However, the 21,000sqm lifestyle and leisure development, on the corner of Logan Road and Deshon Street, is likely to take seven years to complete which pushes the project's timeline well beyond the current property cycle.
Pellicano Queensland's development manager Michael Kent concedes there has been a slowdown in Brisbane's inner-city apartment market, but he sees longevity in the South City Square development due to its scale and positioning within the city council's priority development area.
Kent also believes that as the market tightens, there will be a flight to quality.
"Projects with good fundamentals are always in demand and that's whether you are an owner or a tenant. Certainly we think the market has slowed down but were not concerned because we believe in our product."
Pellicano Group is a diversified property company with investments and developments in a range of assets.
Early last year, the company shed more than $33 million from its industrial portfolio in south-east Queensland to plough the proceeds into its construction activities.
It also sold the Paradise Resort in Surfers Paradise to Sydney's Ralan Group for $75 million, pocketing a gross profit of about $28 million along with its joint venture partner in the deal.
In Victoria, the company is focusing heavily on industrial parks, while Brisbane remains an attractive apartment market for the group.

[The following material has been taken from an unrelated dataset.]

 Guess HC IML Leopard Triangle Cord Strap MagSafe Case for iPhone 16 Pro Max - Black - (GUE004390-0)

It first ventured into high rise development in 2009 with the Balencea residential tower in Melbourne. It was a joint-venture project with Brisbane-based developer Sunland Group (ASX:SDG).

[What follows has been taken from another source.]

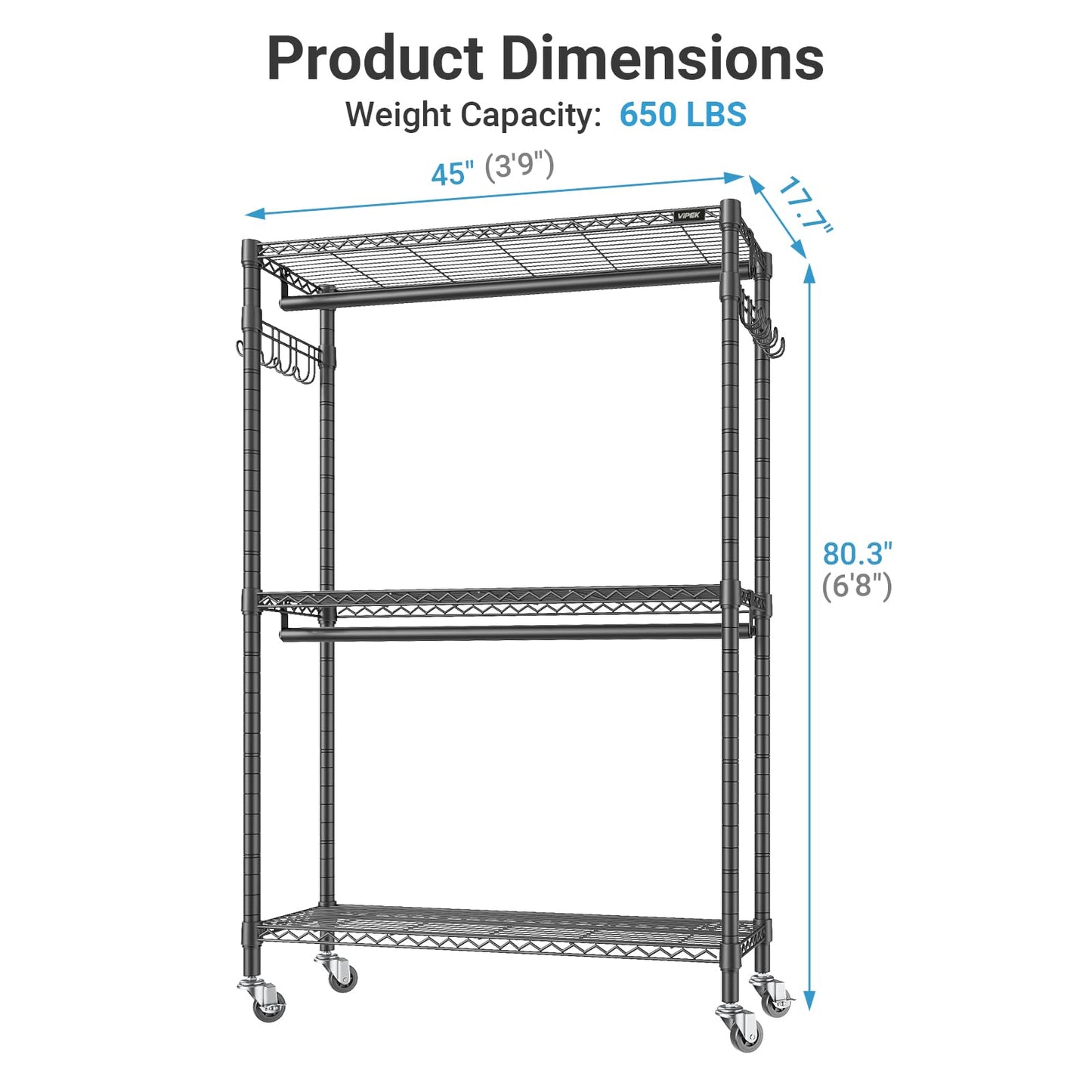 VIPEK R2C Plus Heavy Duty Rolling Garment Rack with Cover Clothing Racks for Hanging Clothes Portable Closets with Adjustable 3 Wire Shelves, Double Rods, Black Rack with Grey Upgraded Polyester Cover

The company has residential projects under way on the Sunshine Coast and has just completed an industrial development in Ipswich.
"We're very positive about Brisbane and certainly in Queensland we're seeing growth in retail," says Kent.
"That's reinforced by the fact we are starting two new developments on the Sunshine Coast worth $20 million.
"South City Square is a long-term project, and probably will be completed in 2022. We're certainly ahead of where we expected to be at the moment with the development.
"The key to the project is that it's been designed in stages and we believe it is gaining significant momentum. While the broader residential market may slow, this project will start to bring its own fundamentals in play."
While growth in the Queensland residential market over the past year has helped Pellicano's former joint-venture partner Sunland Group boost margins over FY16, Kent sees some price pressures ahead for the industry through rising construction costs.
"In the last 18 months to two years there has been escalation in construction prices, but by being a builder as well as developer we can control some of the prices, to a point," he says.
"Certainly construction price rises have been an issue for many developers and I don't see that changing in the short term with projects such as Queen's Wharf and construction for the Commonwealth Games on the Gold Coast.
"Those large-scale projects will fill any gaps and we think there will be a shortage of subcontractors in the market."